2017 Artwork Webcomics consistency article sketch

Generally, many great webcomics can be recognised instantly at a glance. Even though the comic updates may include a variety of different locations and characters, they are always instantly recognisable as being part of one particular webcomic.

However, the look of your webcomic will always change over time. This is because, by it’s very nature, making a webcomic involves lots of regular drawing practice. As you improve, so will the look of your art. If you don’t believe me, then just find a famous long-running webcomic and compare the most recent update to the very first update. They will look different, and this is good.

But, this aside, how can you make your own webcomic look as consistent as possible? Here are two very basic ways:

1) Art style: This is the obvious one. If you take the time to develop your own unique art style, then your webcomic will instantly stand out as something unique. However, if you just use commonly-used art styles (eg: manga, American comic book art etc..), then your webcomic won’t be quite as distinctive.

But, how do you come up with your own art style? I’ve written about this many times before, but it basically just involves finding other art styles that you like and borrowing techniques from them. It also involves a lot of regular drawing practice too. If your art style looks simplistic or childish, then all that means is that you need more practice.

But, even if your own art style looks fairly simplistic or is obviously influenced by another style, the fact that you’ve put the effort into using an original style (rather than a commonly-used one) will make your webcomic stand out from the crowd a bit, whilst also giving it a consistent look.

2) Location design: If you have consistent principles for your location design, then your webcomic will also have a consistent look.

This includes things like using similar colour schemes, using similar types of lighting, using similar types of weather and having a common set of inspirations for your location designs. Basically, if you have a set of principles that you can apply to most of the locations in your webcomics, then your comic will have a consistent look to it even if it includes a lot of different settings.

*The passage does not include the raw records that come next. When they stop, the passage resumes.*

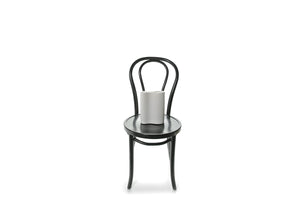 A 22cm White ceramic wave vase sitting on black bentwood chair with white background. 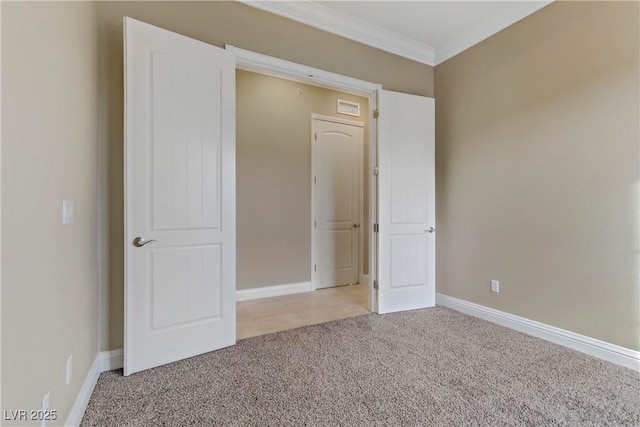 unfurnished bedroom featuring crown molding and light colored carpet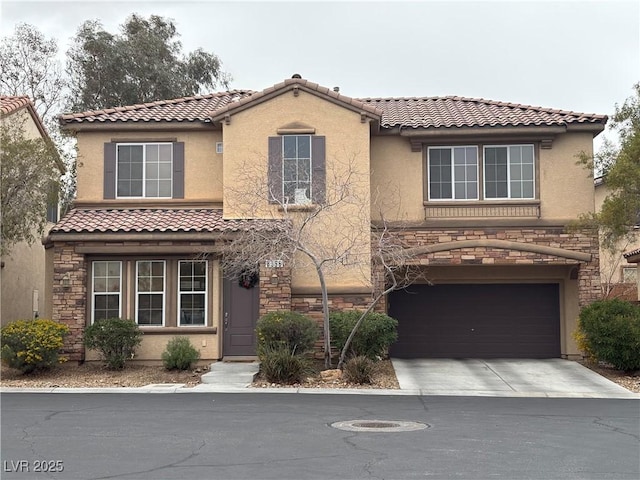 mediterranean / spanish-style home featuring concrete driveway, a garage, stone siding, and stucco siding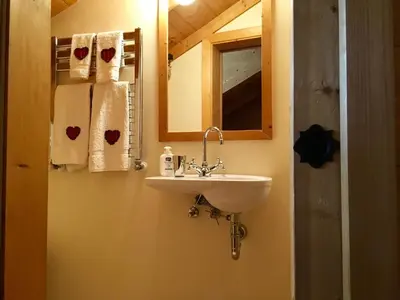 a bathroom with a sink and a mirror and towels at La casa dei cuori in Santa Cristina in Val Gardena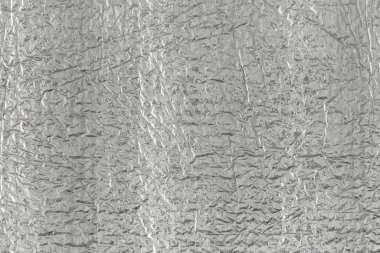 Gümüş folyonun kusursuz arka plan dokusu. Parlak beyaz bir yüzey. yansıtıcı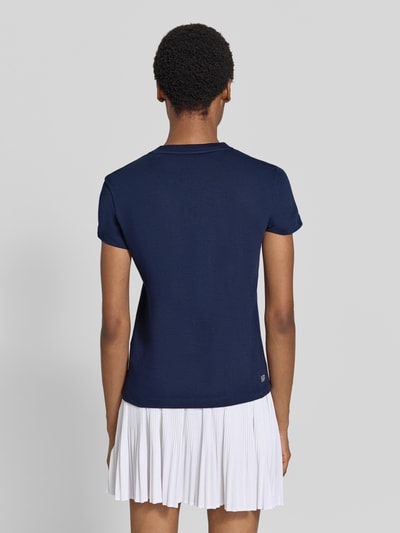 Vrouwenmodel draagt donkerblauw Slim Fit Sport-T-Shirt aus Baumwoll-Mix von Lacoste, dames sport-t-shirt, witte plissérok, Ganzkörperansicht Rückansicht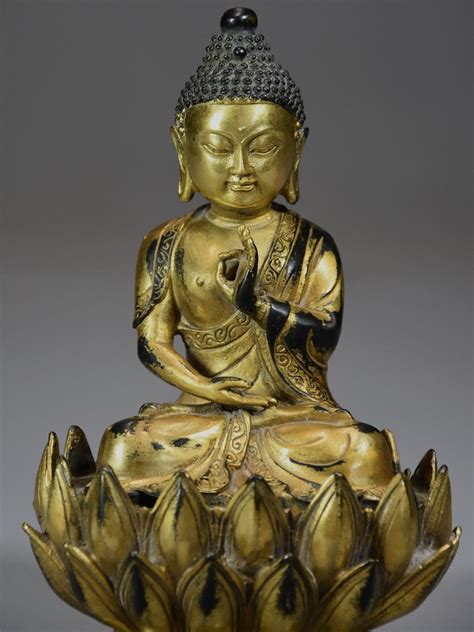 Superb Quality Gilt Bronze Tibetan Buddha Seated Within A Lotus Flower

To use an example from my webcomics that have been posted here this year and will be posted here in the next couple of months, many of them use some variant on a blue/orange/green/purple colour scheme. Likewise, many of them feature gloomy lighting, dramatic sunsets and/or rainy weather. Likewise, the location design is sometimes inspired by films like “Blade Runner” and old computer games too.

Although I haven’t been able to do this in all of my comics (eg: it wasn’t possible in “Damania Requisitioned” or “Damania Renaissance“), here’s a chart showing how this has given some of comics (including a few that haven’t appeared here yet) a distinctive look, despite the fact that they’re set in wildly different locations. If you want to read the comic found in the bottom right corner of the chart, it can be read here.

[CLICK FOR LARGER IMAGE] - As you can see, the locations are all different from each other, yet they all look similar at the same time because I've followed a consistent set of design principles.

[CLICK FOR LARGER IMAGE] – As you can see, the locations are all different from each other, yet they all look similar at the same time because I’ve followed a consistent set of design principles.

So, yes, work out a set of design principles and your locations will look fairly consistent.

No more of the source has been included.